▸ **Data to process**:
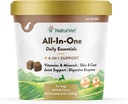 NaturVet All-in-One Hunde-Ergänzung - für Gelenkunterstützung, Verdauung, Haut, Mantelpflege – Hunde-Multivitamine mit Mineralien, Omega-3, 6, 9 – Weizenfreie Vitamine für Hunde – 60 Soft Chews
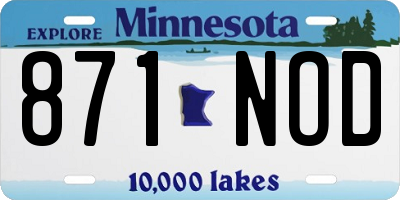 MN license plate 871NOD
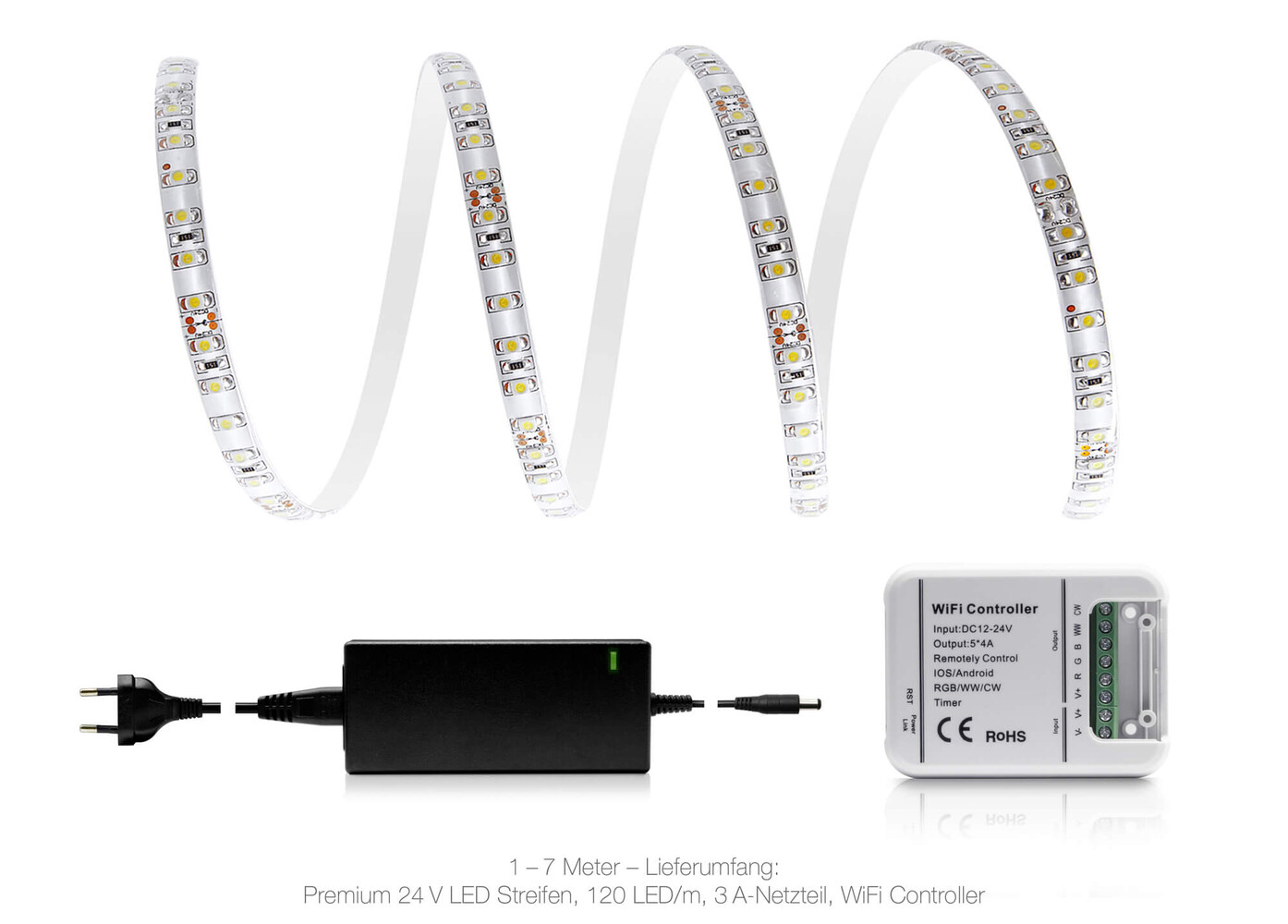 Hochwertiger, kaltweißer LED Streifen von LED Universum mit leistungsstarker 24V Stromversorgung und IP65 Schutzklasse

* * *

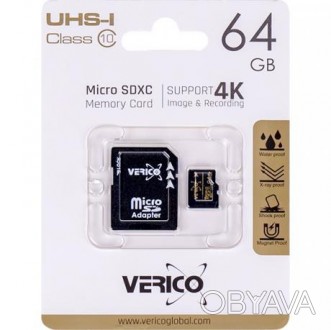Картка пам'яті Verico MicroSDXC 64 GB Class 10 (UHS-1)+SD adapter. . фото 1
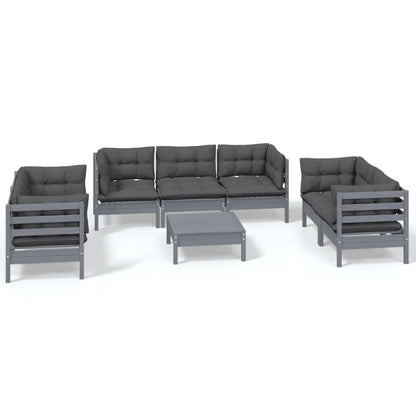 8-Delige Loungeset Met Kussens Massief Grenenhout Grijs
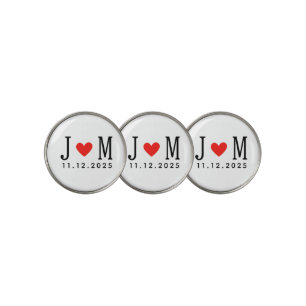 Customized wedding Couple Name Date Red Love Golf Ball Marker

▸ **What you will do**: Everything above from the line containing "MN license plate 871NOD" through the line containing "Hochwertiger, kaltweißer LED" must be repeated exactly, and the pictures must be left out.

▸ **Task answer**:
 MN license plate 871NOD
 Hochwertiger, kaltweißer LED Streifen von LED Universum mit leistungsstarker 24V Stromversorgung und IP65 Schutzklasse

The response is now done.